El pandillero se acercó aún más, agarró al hombre mayor por el cuello de la chaqueta y susurró con rabia:

— ¿Y ahora qué, ya sabes con quién te metiste?

Y justo en ese momento ocurrió algo que no se esperaba en absoluto.

EL HOMBRE MAYOR BLOQUEÓ SU BRAZO AL INSTANTE, SE DIO LA VUELTA CON VELOCIDAD Y CON UNA PRECISIÓN Y FUERZA IMPRESIONANTES LO GOLPEÓ POR DEBAJO DEL CODO, HACIENDO QUE EL CHICO GRITARA DE DOLOR.
Un momento después, el anciano lo atrajo hacia sí, le barrió las piernas y el pandillero cayó al asfalto mojado con un fuerte golpe. El teléfono le salió volando del bolsillo y se deslizó hacia un charco cerca de la bomba.

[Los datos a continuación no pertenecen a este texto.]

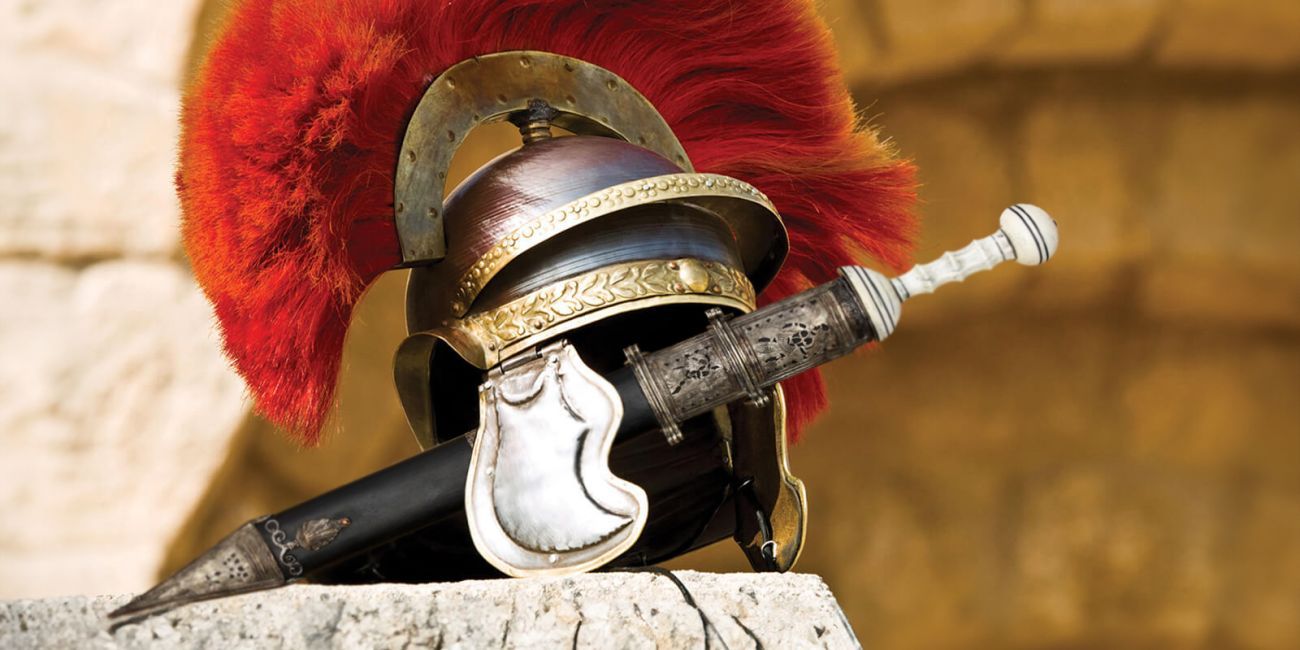 Roman helmet with red plume and a sword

El chico ni siquiera tuvo tiempo de entender cómo terminó en el suelo, con la cara hacia abajo, el brazo retorcido detrás de su espalda y la rodilla del anciano clavada entre sus omóplatos.

El pandillero forcejeaba, tratando de liberarse, pero el anciano lo presionó aún más contra el concreto mojado.

— Escúchame bien — dijo en un tono calmado pero grave. — El hecho de que sea viejo no significa que sea indefenso.

El chico respiraba con dificultad, y su arrogancia desapareció por completo. El dolor y el miedo hicieron rápidamente lo que ninguna palabra había conseguido.

El anciano se inclinó ligeramente sobre él y añadió:
— LA PRÓXIMA VEZ TE VA A DOLER MÁS SI TE VEO AQUÍ DE NUEVO. Y POR CIERTO, EN CASO DE QUE NO LO HAYAS ENTENDIDO AÚN — SOY UN EX-SHERIFF. PASÉ LA MITAD DE MI VIDA ATRAPANDO A GENTE COMO TÚ. SIEMPRE COMETEN EL MISMO ERROR. CREES QUE LA FUERZA SON LOS MÚSCULOS Y EL TONO DESAFIANTE. EN REALIDAD, SOLO TIENES CORAJE CON AQUELLOS QUE PARECEN MÁS DÉBILES.

Luego soltó al chico y se levantó lentamente. Éste inmediatamente se dio la vuelta y se recostó sobre su espalda. Su risa había desaparecido por completo. El hombre mayor subió al coche, encendió el motor y salió lentamente de la estación de servicio.